#### Task description
Copy out the whole listing exactly as given. Skip the pictures.

#### Raw data
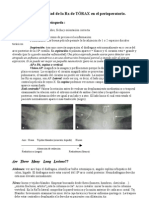 Interpretacion y Utilidad de La RX de Torax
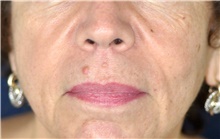 Lip Augmentation/Enhancement Before Photo by Michael Frederick, MD; Fort Lauderdale, FL - Case 39993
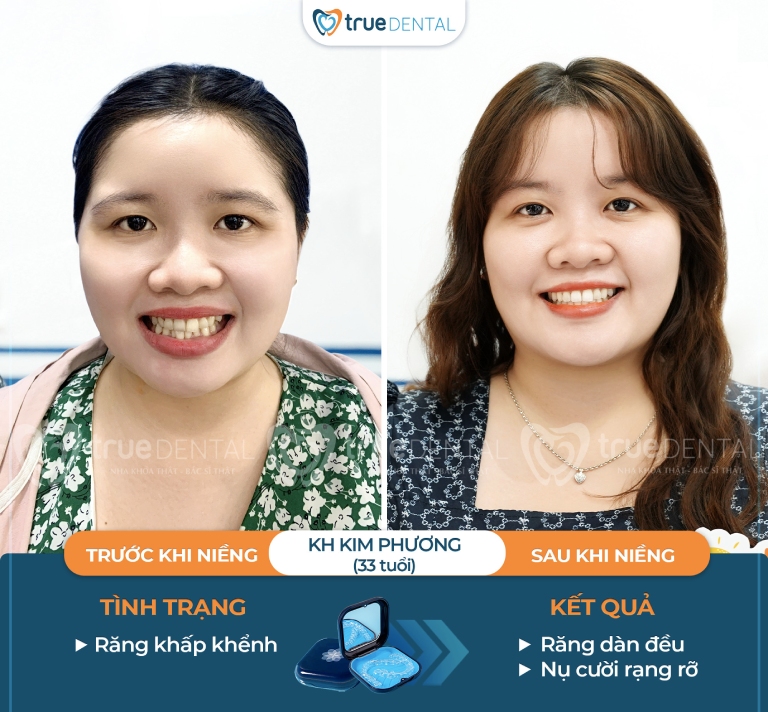 Quy trình niềng răng có mấy bước? Các giai đoạn niềng 4 Quy trình niềng răng trong suốt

#### Response box
 Interpretacion y Utilidad de La RX de Torax
 Lip Augmentation/Enhancement Before Photo by Michael Frederick, MD; Fort Lauderdale, FL - Case 39993
 Quy trình niềng răng có mấy bước? Các giai đoạn niềng 4 Quy trình niềng răng trong suốt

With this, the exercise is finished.